The following Fixed Expense is significantly associated with acquiring and holding production related and intangible assets which are used for production:
Interest Expense, (the expense of procuring capital by borrowing money), Depreciation Expense (a time-based non-cash expense for tangible assets which results in a tax benefit), Amortization Expense (a time-based non-cash expense for intangible assets which results in a tax benefit), Leasing & Rental Expenses (long term and short term, time based) for both intangible and tangible assets. Note, these expenses tend to remain constant regardless of marginal changes in production output.
The literature surrounding management’s efforts towards continuous improvement is myopically focused on reducing Variable Expense. You need only review the focus of projects in Lean Thinking, Business Process Reengineering (BPR) the Theory of Constraints (TOC), Six Sigma, Agile/Scrum (project management) and dozens of other popular improvement approaches. These approaches are usually focused on reducing Variable Expense (or put another way, they are more often focused on raising the productivity of the production processes. This is odd given Fixed Expense may represent the larger share of Total Expense.
Ironically however, as the table below suggests, Fixed Expense is often the larger component of total Expense. So why is Fixed Expense the poor cousin of the improvement focus?
In spite of the size and growth of Fixed Expense in modern businesses, most improvement methodologies and transition events remain focused on optimizing the major Variable Expenses.
Variable Expense includes direct labor, energy/utilities and materials/component expenses. How many ‘broad’ transition programs have you experienced where Fixed Expense was either totally omitted from the transition scope, or left on the ‘back burner’ until improvement efforts relating to Variable Expense were exhausted? Programs specifically seeking a reduction of Fixed Expense are usually undertaken in the wake of some pending or actual financial apocalypse. They are often a last resort applying dubious methodologies which result in choking the wrong resources.
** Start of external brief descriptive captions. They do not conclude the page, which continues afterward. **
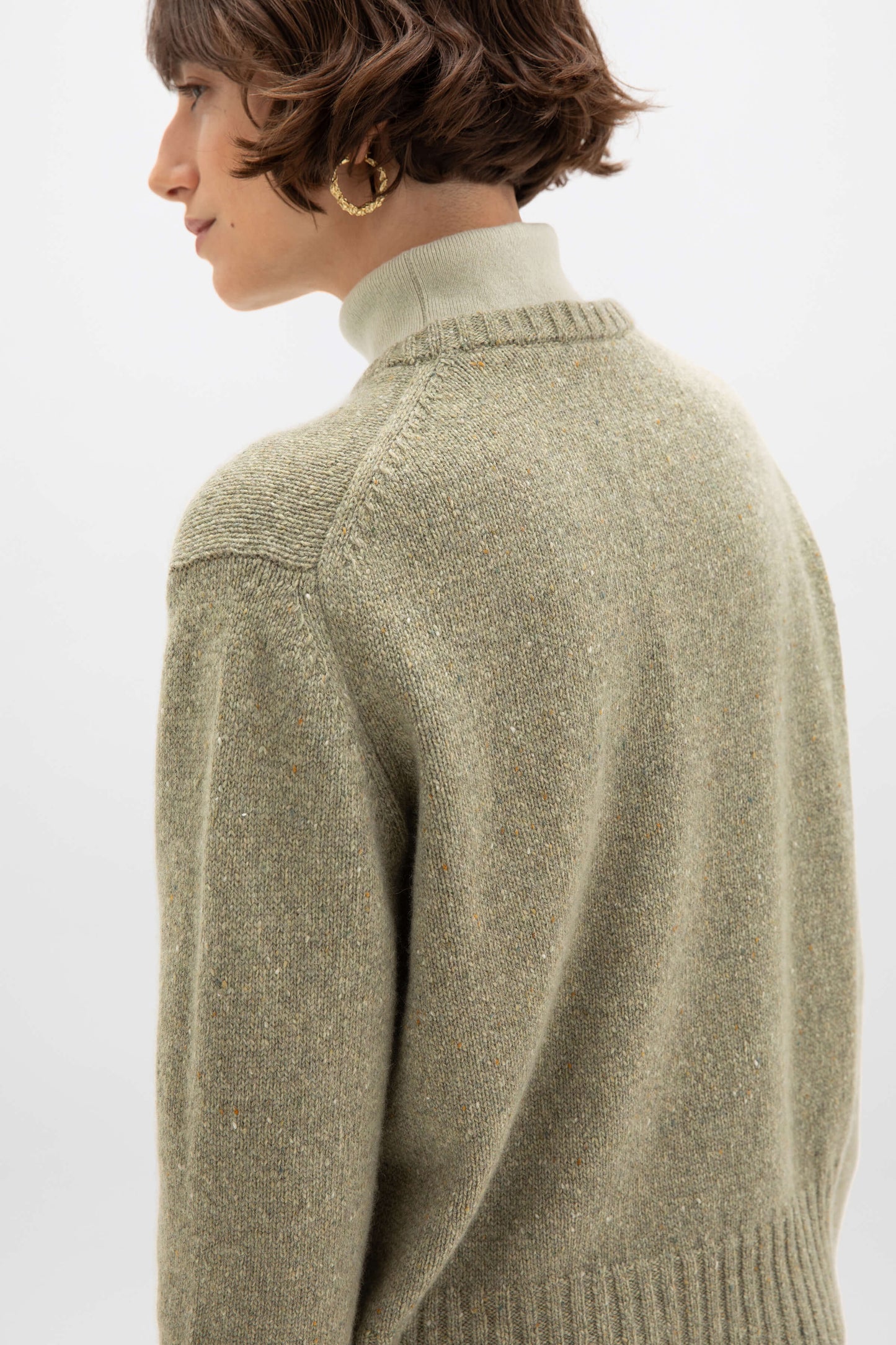 Johnstons of Elgin AW24 Women's Knitwear Lichen Marl Cropped Donegal Cashmere Sweater KAC05289004882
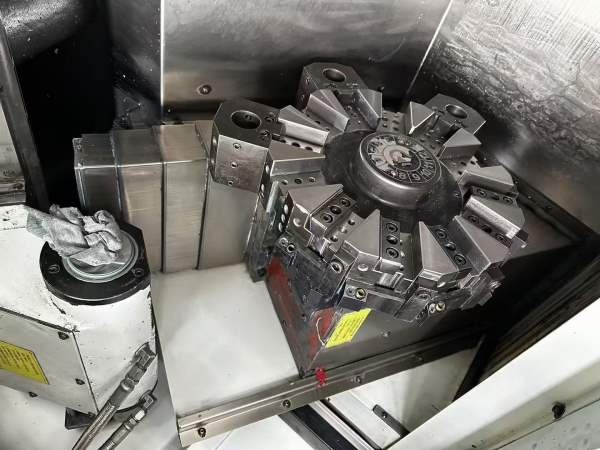 9.5新程泰GLS200数控车床，线轨机。加配10寸卡盘，对.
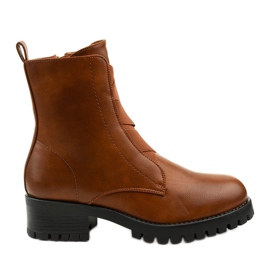 Botas marrons no poste de Chanhett isolado marrom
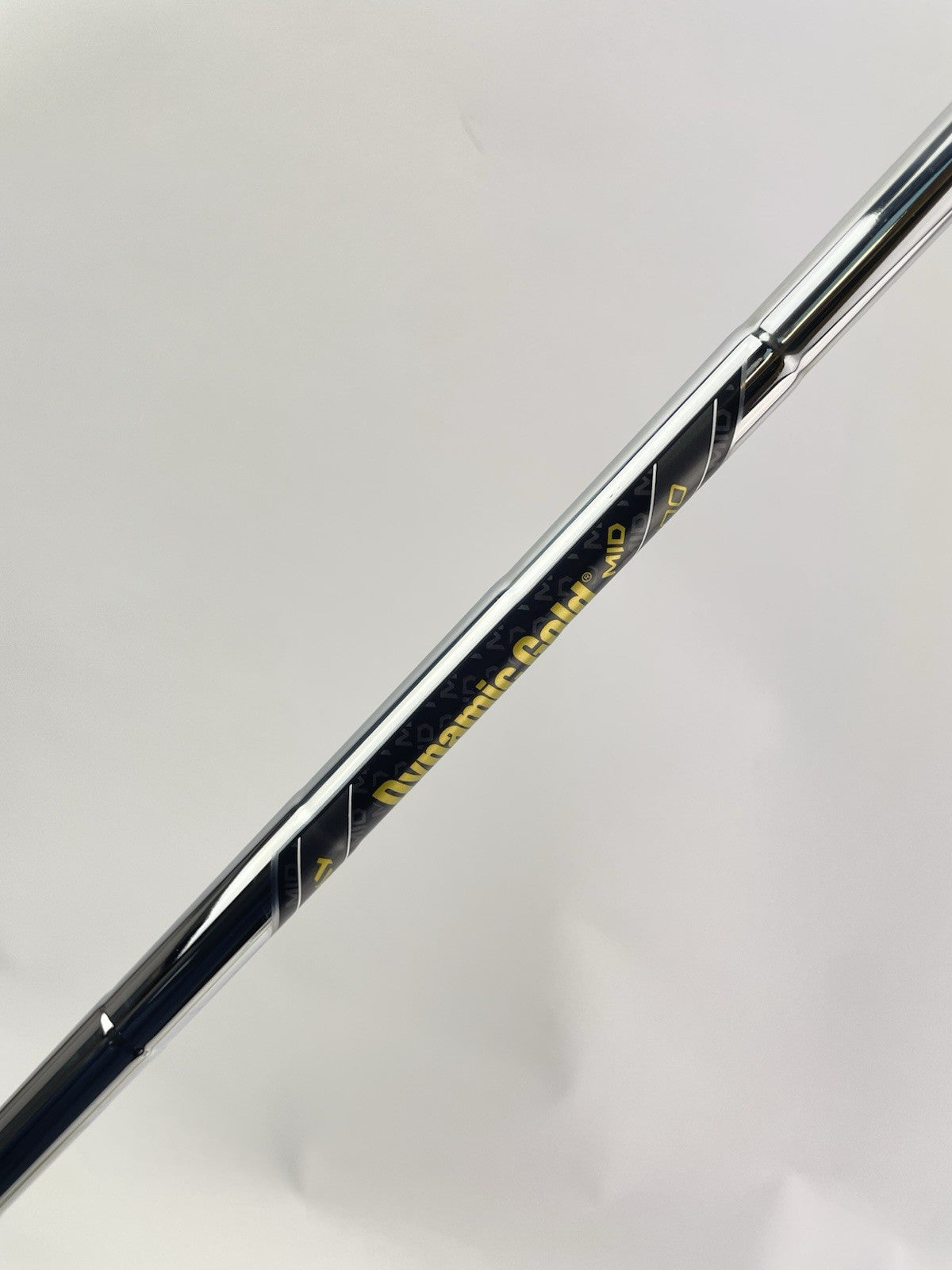 Dynamic Gold Mid 100 Iron Shaft Regular Flex Steel 35.5” /0.370 Parallel /302852
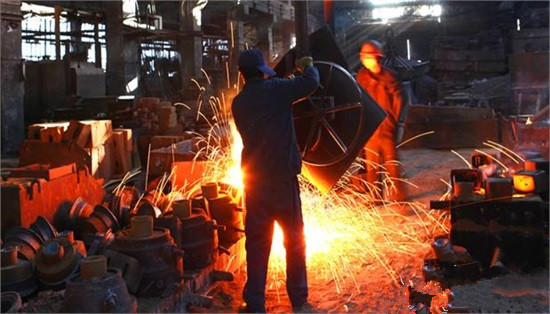 钢铁价格的大涨使钢铁类上市公司去年业绩转好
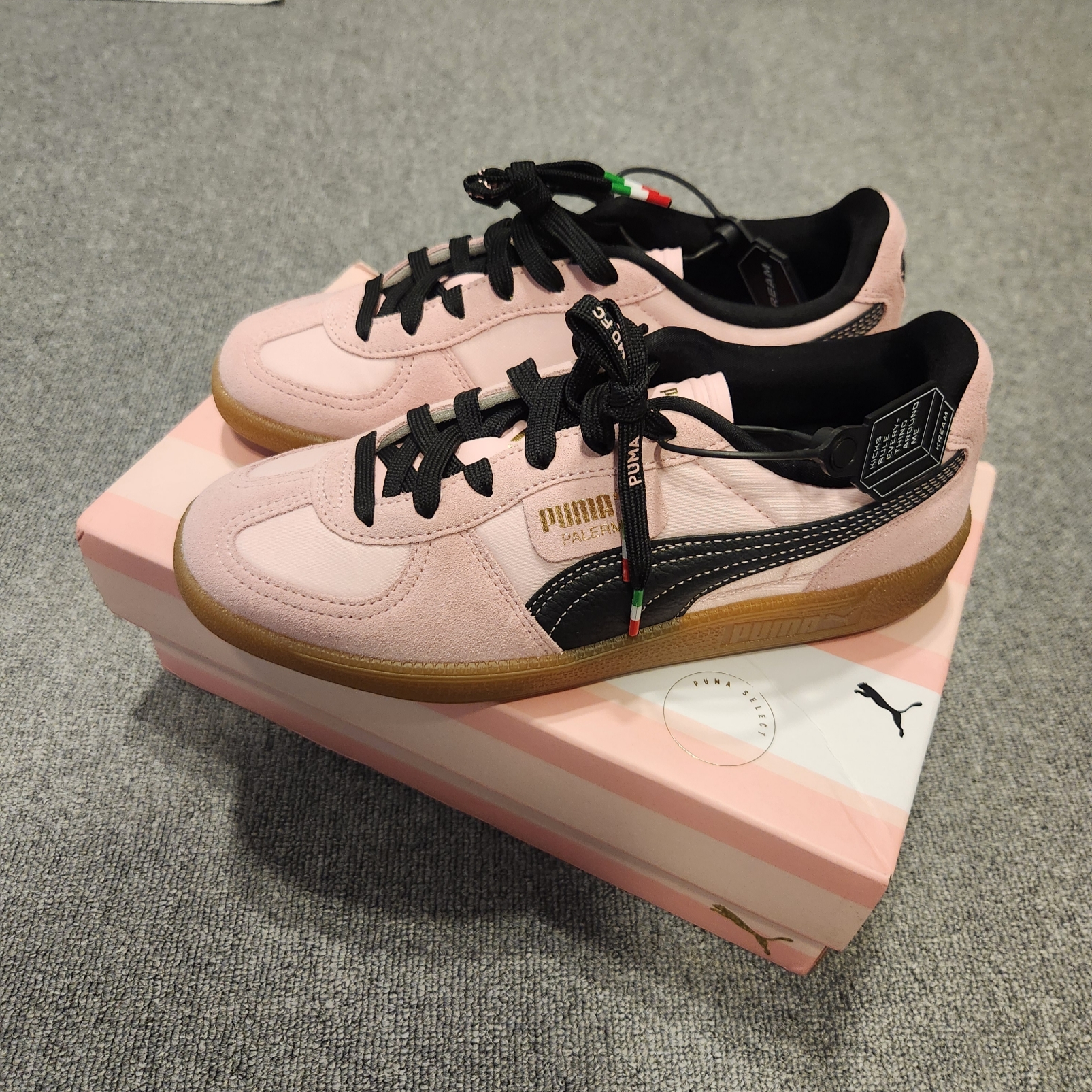 Puma x Palermo F.C. Sneakers Bright Pink Black 착용 스타일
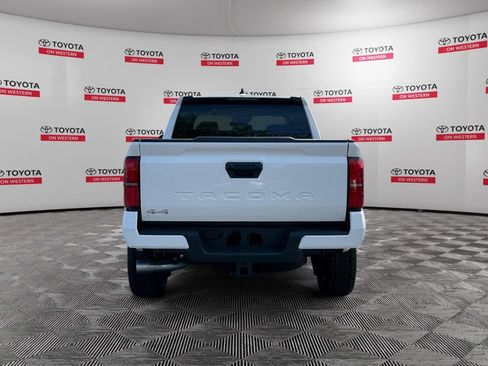 Used 2026 Toyota Tacoma SR5 AWD/4WD image 4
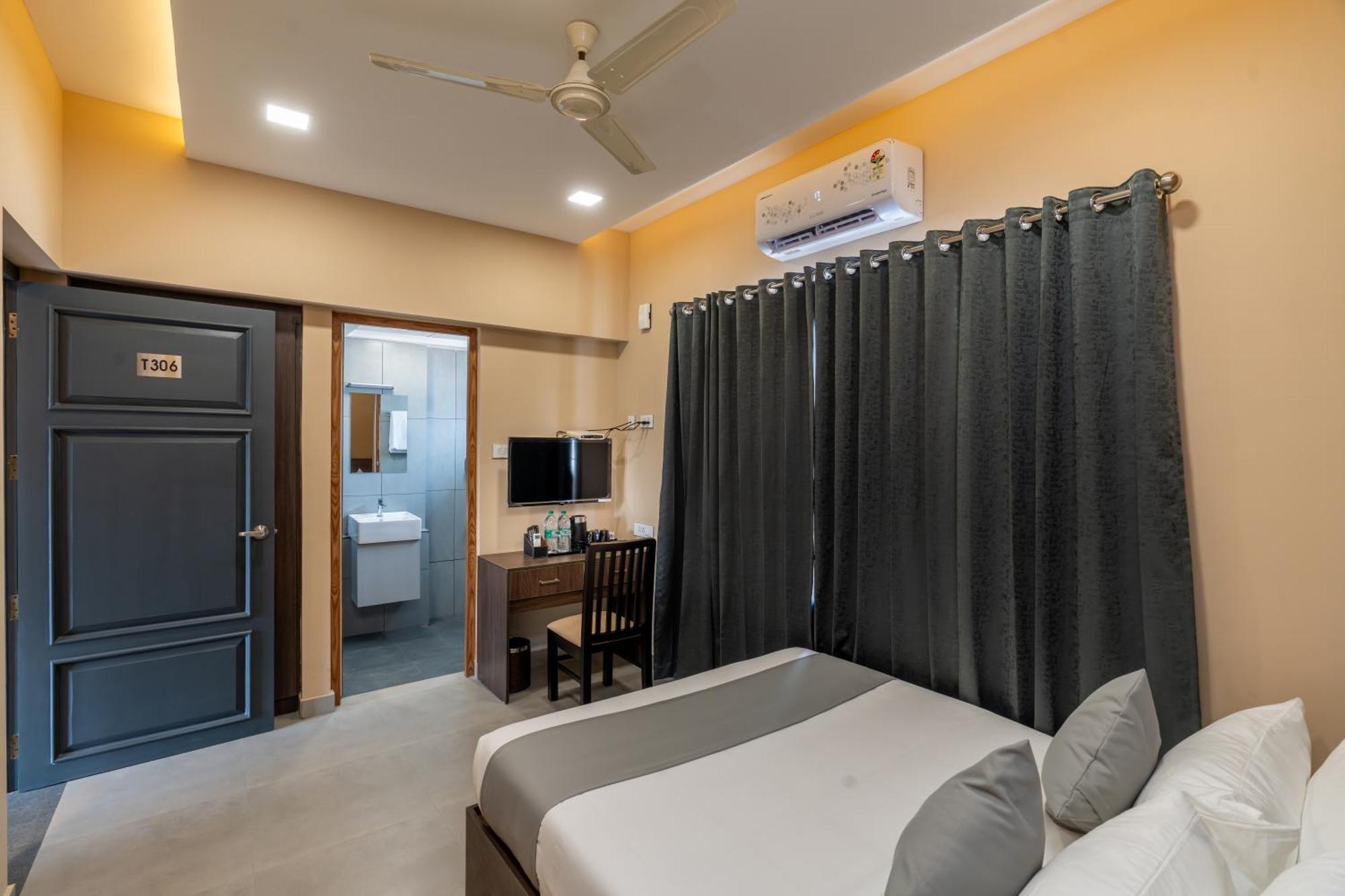 Court 11 By Dimora Kochi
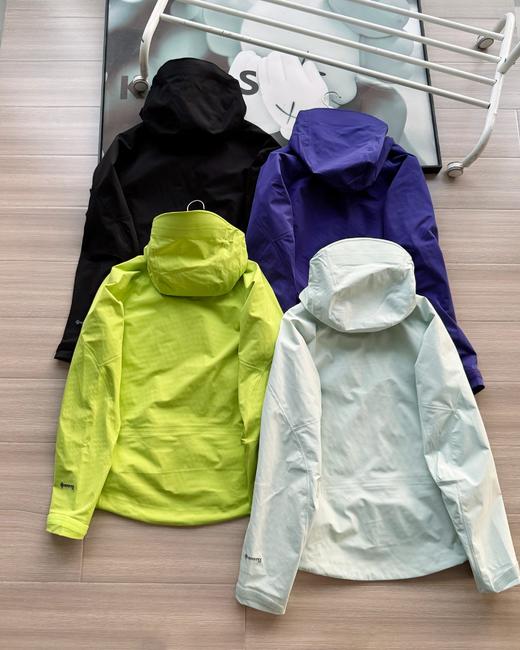 点此购买 凯乐石春秋季男女款运动户外全天候硬壳专业防水防风透气登山冲锋衣外套 hbj 341404 商品图5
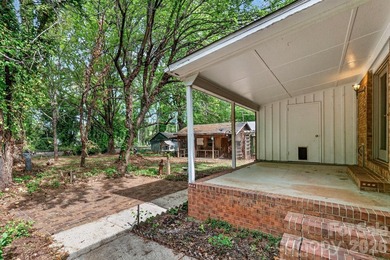 Three bedroom, two full bath home in Davidson, NC. Convenient - photo 5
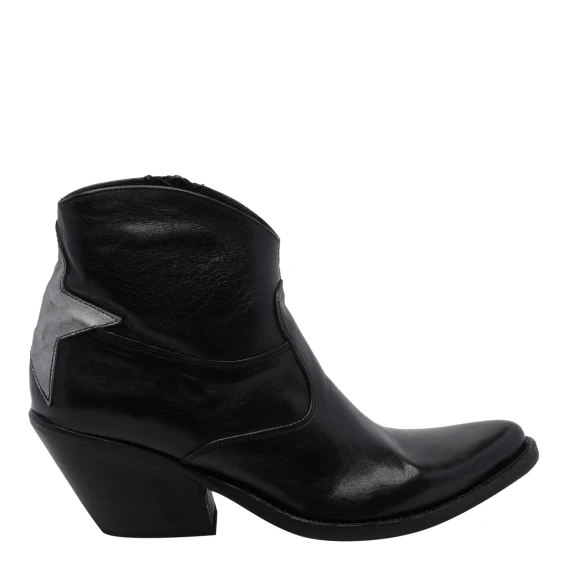 Boots Black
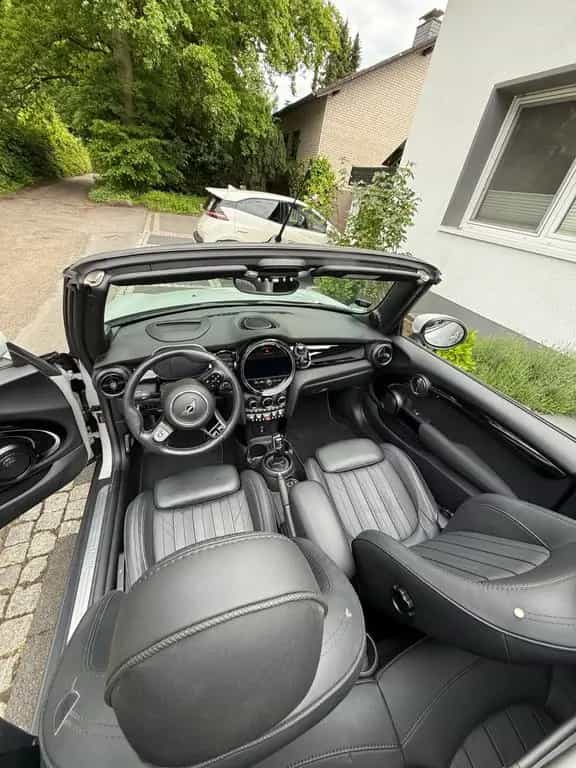 MINI Cooper Cabrio MINI Yours Trim Steptronic MIN... 06/2021-photo-7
Allocating Fixed Expense from all of its sources to the business and product level is necessary for budgeting and determining Total Expense at the product level. Knowing the Total Expense of individual products is essential for determining product profit margins and product pricing. Allocation is also essential for the budget process, ensuring that different business units understand Total Expense and Profit goals.
If management don’t understand profitability at the product level, the business is vulnerable to price ‘cherry picking’ by customers (where prices are too low), and price undercutting by competitors (where prices are too high). That’s a core strategic risk.
Unfortunately however, the act of allocation may undermine the sense of ownership and responsibility for managing Fixed Expenses. Fixed Expense really ‘belongs’ to the area where the expenses were originally incurred. However, if a production or business unit, or its products, are loss making after the allocating Fixed Expense, where will improvement efforts be focused? Will the spotlight fall on those generating Fixed Expense or Variable Expense?
In reality, it's far more likely that focus will fall on reducing Variable Expense. Variable expense is more easily identified. Accountability is clearer in an organizational sense. Productivity standards and variances are likely established and more visible.
By contrast, the aggregate of Fixed Expenses which are allocated to business units, and products may emanate from dozens of different sources in the organization. Accountability is diffuse. Management systems are relatively weak.
In a review post allocation, it's harder to pinpoint which areas of SG&A were unproductive. Perhaps more than one. There may not even be productivity standards or variance reporting in many SG&A areas. Work volume may not even be quantified. On the asset side, where Interest Expense is generated, was asset capacity utilization too low, resulting in bloated Interest Expense? Who's accountable for repairing that problem? Sales? Mergers and Acquisitions? Who owns it? Maybe a previous generation of management.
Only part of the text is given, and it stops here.